Ah 808 bass drops, I love these, my female-fronted symphonic metal band uses them a fair bit. Ive noticed a lot of bands using them live as well, once you know what you're listening for its impossible to miss them! You'll need decent speakers to hear them on recordings though, and ideally a sub too. 
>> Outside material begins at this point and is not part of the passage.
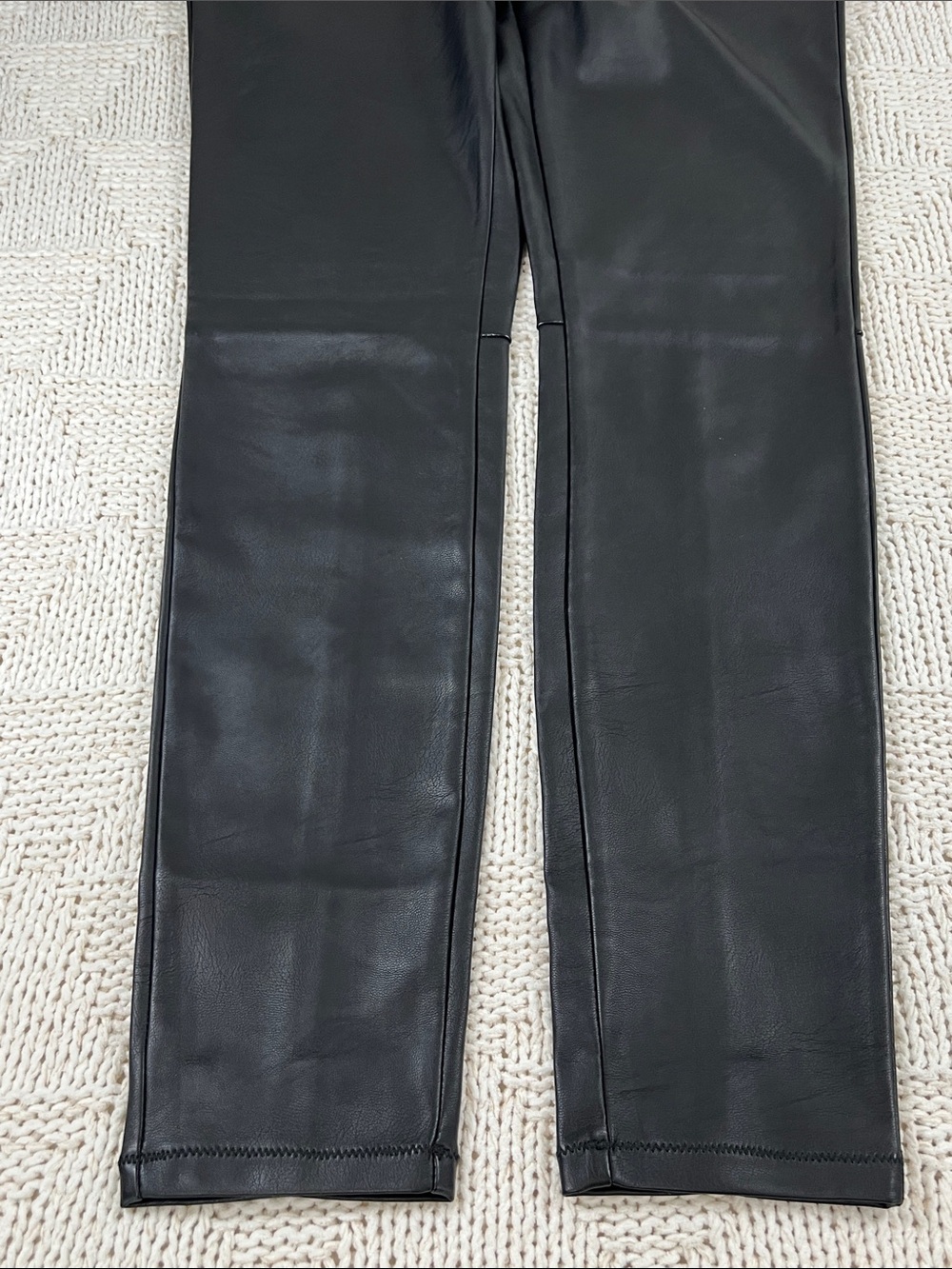 Blank NYC Women’s Black Faux Leather Skinny Jeans - Picture 3 of 12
Here are some good examples:


----------



## Labrie (Oct 16, 2009)

I always loved hearing these in the outro to A New Beginning by Threat Signal.


----------



## Anthony_Jacob (Oct 16, 2009)

Definitely need a subwoofer to get into it. They can go unnoticed without one.


----------



## Cadavuh (Oct 17, 2009)

Yea ive never even heard this term before and i dont hear anything in any of the songs posted


----------



## zimbloth (Oct 17, 2009)

Cadavuh said:


> Yea ive never even heard this term before and i dont hear anything in any of the songs posted



Then your speakers are lacking a bit I guess. Not all sound systems can produce frequencies that low. You need a decent subwoofer or nice headphones. It's not a big deal, you're not missing much. It can be a cool effect once in a while though.


----------



## Xanithon (Oct 17, 2009)

I think i hear it in After the Burial's "Cursing Akenatan" on some occasions - specially when the riff gets real brutal after the intro - i hear it on the live video of them playing it.


----------



## Esp Griffyn (Oct 17, 2009)

zimbloth said:


> Then your speakers are lacking a bit I guess. Not all sound systems can produce frequencies that low. You need a decent subwoofer or nice headphones. It's not a big deal, you're not missing much. It can be a cool effect once in a while though.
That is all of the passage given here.